Numerous DMA timeouts when downloading data from external sources

After having solved a previous networking issue of the control board, I’m currently running into another kind of networking trouble: When trying to download large amounts of data (here it’s a container > 435 MB in size, but I need it urgently), everything seems to work fine for some 10 minutes, but then suddenly, the network connection dies, and I get a bunch of DMA timeouts on the control board console:

[ 1532.020301] miop 0000:06:00.0: DMA timeout, restart DMA controller.
[ 1533.059083] miop 0000:06:00.0: DMA timeout, restart DMA controller.
[ 1534.099126] miop 0000:06:00.0: DMA timeout, restart DMA controller.
[ 1537.620021] miop 0000:06:00.0: DMA timeout, restart DMA controller.

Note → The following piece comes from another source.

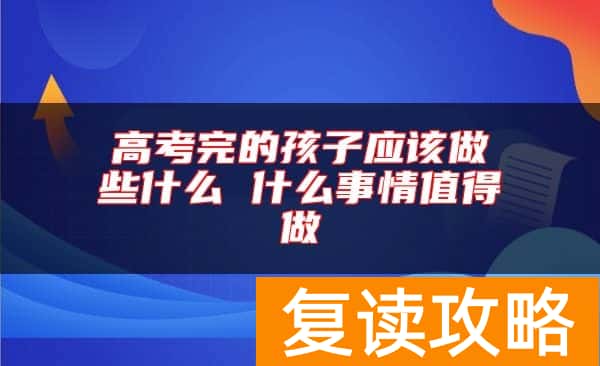 高考完的孩子应该做些什么 什么事情值得做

And this is what I get on the console of the node the container is for (abridged, irrelevant messages removed):

mixtile@blade3n1:~$ sudo cephadm bootstrap --mon-ip $MYIP
[…]
Host looks OK
Cluster fsid: 89e84929-c54d-11f0-9c36-0e281c59af8c
Verifying IP 10.20.0.13 port 3300 ...
Verifying IP 10.20.0.13 port 6789 ...
Mon IP `10.20.0.13` is in CIDR network `10.20.0.0/24`
Mon IP `10.20.0.13` is in CIDR network `10.20.0.0/24`
Internal network (--cluster-network) has not been provided, OSD replication will default to the public_network
Pulling container image quay.io/ceph/ceph:v19...
Non-zero exit code 1 from /usr/bin/docker pull quay.io/ceph/ceph:v19
/usr/bin/docker: stdout v19: Pulling from ceph/ceph
/usr/bin/docker: stdout 4d1c9f96c84f: Pulling fs layer
/usr/bin/docker: stdout d0eb5eb08af7: Pulling fs layer
/usr/bin/docker: stdout d0eb5eb08af7: Waiting
[…]
/usr/bin/docker: stdout 4d1c9f96c84f: Retrying in 5 seconds
/usr/bin/docker: stdout 4d1c9f96c84f: Retrying in 4 seconds
/usr/bin/docker: stdout 4d1c9f96c84f: Retrying in 3 seconds
/usr/bin/docker: stdout 4d1c9f96c84f: Retrying in 2 seconds
/usr/bin/docker: stdout 4d1c9f96c84f: Retrying in 1 second
/usr/bin/docker: stderr read tcp 10.20.0.13:40398->212.6.82.160:443: read: connection reset by peer
Error: Failed command: /usr/bin/docker pull quay.io/ceph/ceph:v19

        ***************
        Cephadm hit an issue during cluster installation. Current cluster files will be deleted automatically.
        […]
        ***************

Deleting cluster with fsid: 89e84929-c54d-11f0-9c36-0e281c59af8c
ERROR: Failed command: /usr/bin/docker pull quay.io/ceph/ceph:v19

I have already improved the config of the Squid proxy on the control board by adding extra cache space:

61 # Uncomment and adjust the following to add a disk cache directory.
62 cache_dir aufs /var/cache/squid 8000 16 256
63 cache_mem 180 MB
64
65 # Maximum object size
66 maximum_object_size 1024 MB
67 maximum_object_size_in_memory 16 MB
68
69 #  How objects stored in cache are replaced
70 cache_replacement_policy heap LFUDA
71 memory_replacement_policy heap GDSF

Apparently, the control board gets somehow overwhelmed by the network traffic, but I’m not sure whether the problem liess on the internal network link, or the external one. At least the board has more than enough RAM. Here is what netdata says:

What’s wrong here? Any idea on how to solve (or, at least, to circumvent) it?

UPDATE:
After another try, not only the cluster’s network died, but apparently the control board crashed and also made the nodes crash! See the uptime from uptime just a munite after the crash:

mixtile@ClusterBox:~$ client_loop: send disconnect: Broken pipe
╭─jacek@epica ~  
╰─➤  ssh -l mixtile ClusterBox                                            255 ↵
Enter passphrase for key '/home/jacek/.ssh/id_ed25519': 
mixtile@ClusterBox:~$ uptime
 16:06:32 up 1 min,  load average: 1.42, 0.55, 0.19
mixtile@ClusterBox:~$ 

Why does a crash of the control board also carries away the nodes? This must not happen!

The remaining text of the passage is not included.